公元前313年,楚国一夜之间从天下最强,沦为任人宰割的弱国。
不是因为打了败仗,不是因为国力衰退,而是因为楚怀王亲手拆掉了自己最坚固的城墙——齐楚联盟。
两千年后回头看,当年张仪对楚国使的那套手段,跟今天某些大国的套路,简直一模一样。
区别在于,楚怀王上当了,而今天的中国,没有。
公元前313年,齐国和楚国联起手来了。
一东一南,两把钳子夹住了秦国东扩的路。硬打打不动,秦惠文王把张仪派了出去。
张仪到楚国后,先不谈正事。重金收买楚怀王宠臣靳尚,借献美女之名接近楚怀王,把楚国宫廷的底摸了个透。
铺垫做完,才亮出底牌。
"大王只要跟齐国断交,秦国愿献上商於之地六百里。"
商於在武关道通往南阳盆地的咽喉地带,楚国觊觎了几十年。这份"礼"精准到楚怀王很难说不。
这就是张仪的第一步——造幻觉。 不是随便画饼,而是把饼画成对方做梦都想吃的那一口。

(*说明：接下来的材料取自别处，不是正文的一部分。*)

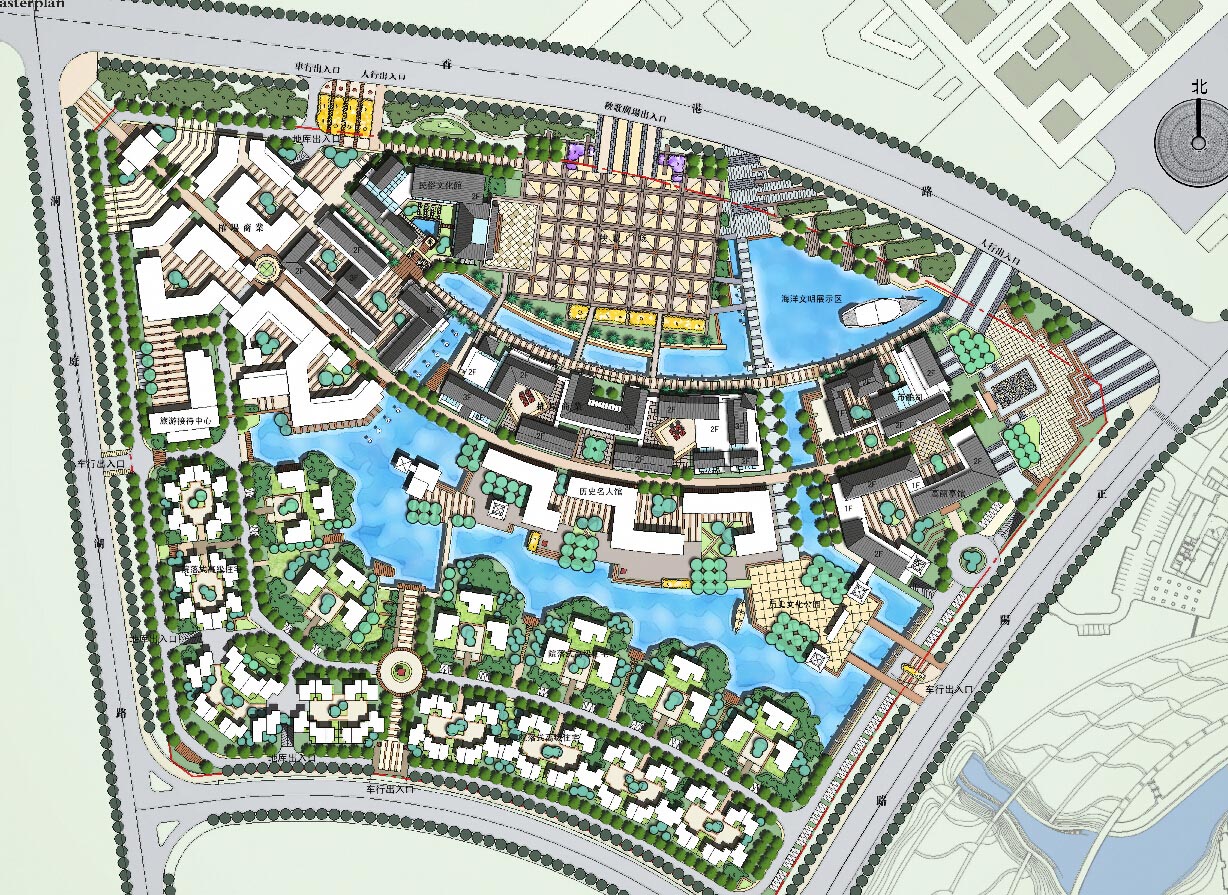 胶州板桥镇总平面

谋士陈轸站出来说:"齐楚一断,楚国在秦国眼里就一文不值了,六百里地根本不会给。"
屈原也表示反对。
满朝文武的欢呼声淹没了这两个人的声音。 楚怀王下令,正式与齐国断交。
这是张仪的第二步——断后路。 断后路的不是张仪,是楚怀王自己。
张仪回到秦国后声称坠马受伤,三个月不露面,拖着不办手续。
楚怀王急了,派人跑到齐国边境当面大骂齐宣王,以此证明断交的决心。
齐楚之间最后一根线,被楚怀王亲手剪断了。
张仪的"伤"立刻好了,淡淡对楚国使者说:"我有封邑六里,愿意献给大王。"
六百里,变六里。楚怀王暴怒,举全国之兵伐秦。
这就是第三步——激冲动。 六里地的侮辱是蓄意的,就是要把楚怀王的理智彻底烧掉。
没有齐国帮忙的楚军,在丹阳被秦齐联军打得全军覆没。八万将士阵亡,七十多位将领被俘。
整个过程中,张仪没动一兵一卒,只用一张嘴完成了三件事——让楚国自己断了盟友,自己丢了理智,自己冲进了陷阱。
很多人把丹阳惨败的锅甩给楚怀王一个人,说他是千古第一蠢君。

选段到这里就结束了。